Die Bauernproteste in Form von Straßenblockaden finden zudem häufig Unterstützung bei der Bevölkerung. Immer wieder kommt es in Frankreich aber auch zu gewaltsamen Protesten der Landwirte. Im Februar 1999 wurden das Büro der Umweltministerin von aufgebrachten Bauern verwüstet und der Eingang der Elite-Hochschule ENA zugemauert. Anschließend setzten einige Landwirte bei Auseinandersetzungen mit der Polizei Pflastersteine und andere Wurfgeschosse ein.
Diese Sonderstellung der Landwirtschaft hängt stark mit der Wirtschaftsgeschichte des Landes zusammen. Frankreich hat sich erst nach dem Zweiten Weltkrieg von einem agrarisch geprägten Land zu einer Industrienation entwickelt. Aber auch heute noch sind weite Teile des Landes ländlich geprägt. Die große Mehrheit der Politiker pflegt zudem ihre familiäre Verwurzelung im ländlichen Raum. Schließlich trägt auch das Wahlsystem mit seiner Überbetonung der ländlichen Wahlkreise dazu bei, dass landwirtschaftlichen Themen eine große Bedeutung zukommt.
Agrarpolitik in Brüssel
Da die wichtigen Agrarentscheidungen fast ausschließlich auf EU-Ebene getroffen werden, wird der Einfluss der Landwirte auch bei europäischen Gipfeln deutlich. Mehrfach haben französische Präsidenten Beschlüsse blockiert, weil sie Agrarkürzungen nicht mittragen wollten. Das gleiche gilt auch für Pläne, die Agrarsubventionen wieder in nationale Verantwortung zu geben. Paris lehnt dies vehement ab.
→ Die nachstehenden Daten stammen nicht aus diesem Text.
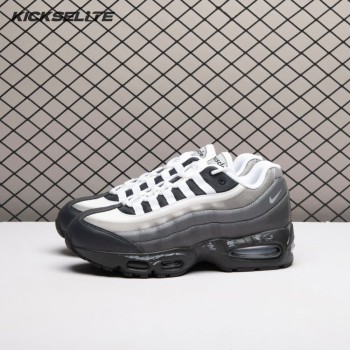 Nike Air Max Muscle 95 Yu-Gi-Oh! Jonouchi II7404-100 Men's Nike Air Max Muscle 95 Yu-Gi-Oh! Jonouchi II7404-100 Men's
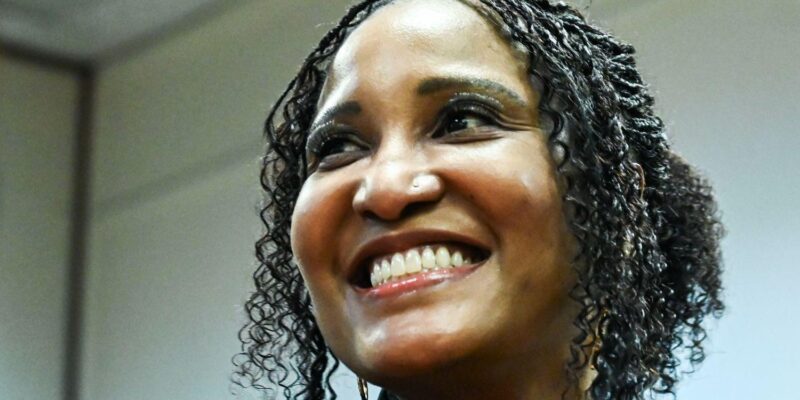 740aeb00 c88a 11f0 8c06 f5d460985095.jpg Новости BBC наемники, ЮАР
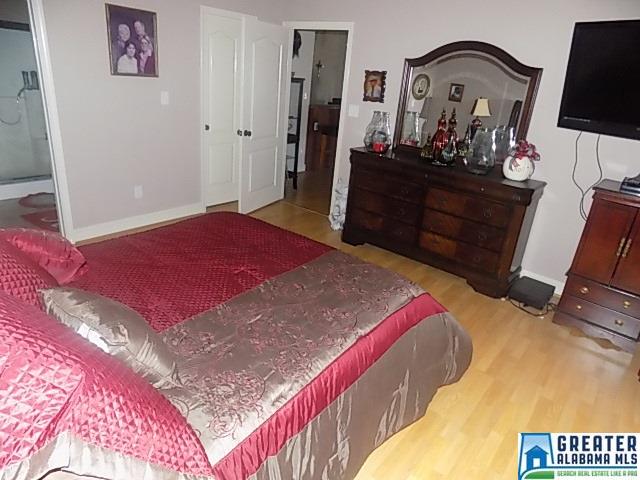 105 Laird Ave
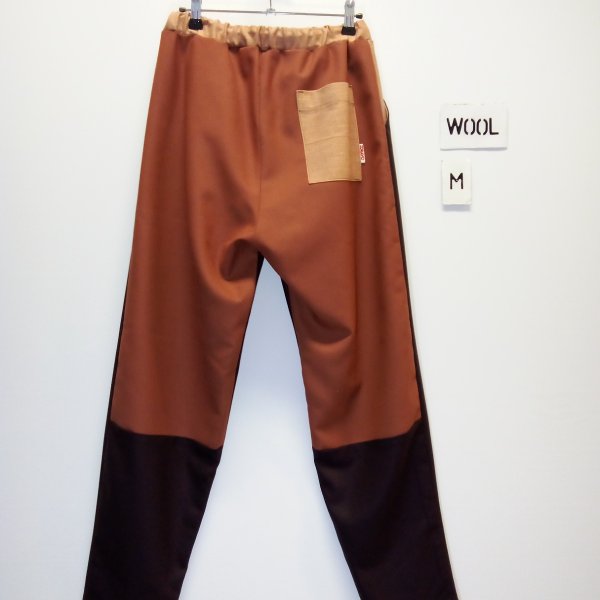 zhlace-55-hlace-1018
Kürzungen in der Landwirtschaft können in Frankreich zu einem politischen Flächenbrand werden. Auch nach einer erfolgreichen wirtschaftlichen Entwicklung und dem Aufbau erfolgreicher Industrie- und Dienstleistungsunternehmen nach dem Zweiten Weltkrieg ist das Land in vielen Regionen noch stark agrarisch geprägt. Den mühsamen Strukturwandel in diesen Regionen kann Frankreich aber nicht alleine finanzieren, sondern nur im Verbund mit den anderen EU-Partnern. Das ist auch ein Grund dafür, dass sich Frankreich in den 1960er Jahren besonders für die Errichtung eines Gemeinsamen Agrarmarktes und den Aufbau eines Subventionssystems stark gemacht hat. Neben Subventionsgeldern erhoffte sich das Land mit der größten landwirtschaftlichen Produktion natürlich auch neue Absatzmärkte.
Durch die Reform der EU-Agrarpolitik hat sich der Druck auf die französische Landwirtschaft weiter verschärft. Der Protest der Bauern richtet sich vor allem auf den Angriff der aus ihrer Sicht bewährten Strukturen der EU-Landwirtschaft. Den Reformvorhaben der EU, bei denen ökologische Auflagen vorgesehen sind, steht ein Teil der Bauern feindlich gegenüber.